WPCNR WHITE PLAINS LAW JOURNAL. By John F. Bailey. November 3, 2004: The invitations were engraved, they went out to Commissioners and department heads across the city, but within a few days, the hot White Plains Performing Arts Center party at Trotters was cancelled due to overwhelming response. There apparently was not room for everybody to attend. But, why wouldn't you simply rent out Legal Seafoods across the street and have a strolling block party to handle the overflow? The cancellation was a mystery.
A lawyer not connected in any way with the city, but familiar with the conflicts of interest when fundraising mixes with city government, says that the party to be hosted on Monday, November 8, after the White Plains Performing Arts Center Broadway Salutes White Plains II Gala next Monday evening may have been cancelled for legal reasons, not because of not enough room for potential guests.
The lawyer, intimately involved in the famous Margiotta 1% case in Nassau County 25 years ago, speculates that the legal reason for the abrupt cancellation could be the appearance of double-tapping city commissioners and department key personnel for attendance inviting them to the Undercover Gala at Trotters, for $500 a person in addition to inviting them to the Gala Broadway Salutes White Plains II function for $150 a pop.
The legendary Republican boss of Nassau County, Joseph Margiotta lost his political empire when he required contributions from his town government personnel twenty-five years ago in a similar situation.

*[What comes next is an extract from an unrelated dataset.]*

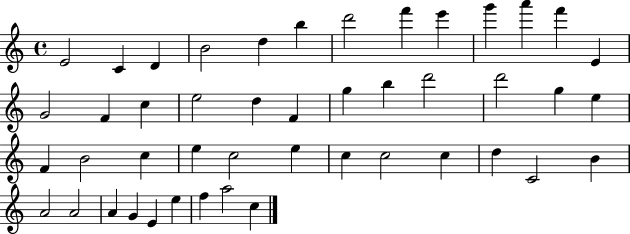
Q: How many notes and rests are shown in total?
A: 46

When Joseph Margiotta was running the Nassau County Republican Party in the 1970s, he used to require that government workers for the Town of Hempstead kick in 1% of their salaries to the Republican Party if they wanted jobs, promotions and overtime, according to the newspaper, Newsday. The Republican Party of Nassau County paid off a $1.3 Million settlement in 1991 on what has been dubbed “The 1% case.” The GOP of Nassau County had to pay pack Town of Hempstead workers who complained that they had to fork back 1% of their salaries to Mr. Margiotta’s party.
Margiotta was also convicted in 1981 by a federal jury on charges that he presided over an illegal insurance fee-splitting scheme that brought windfalls to his political associates in the Nassau County Republican Party.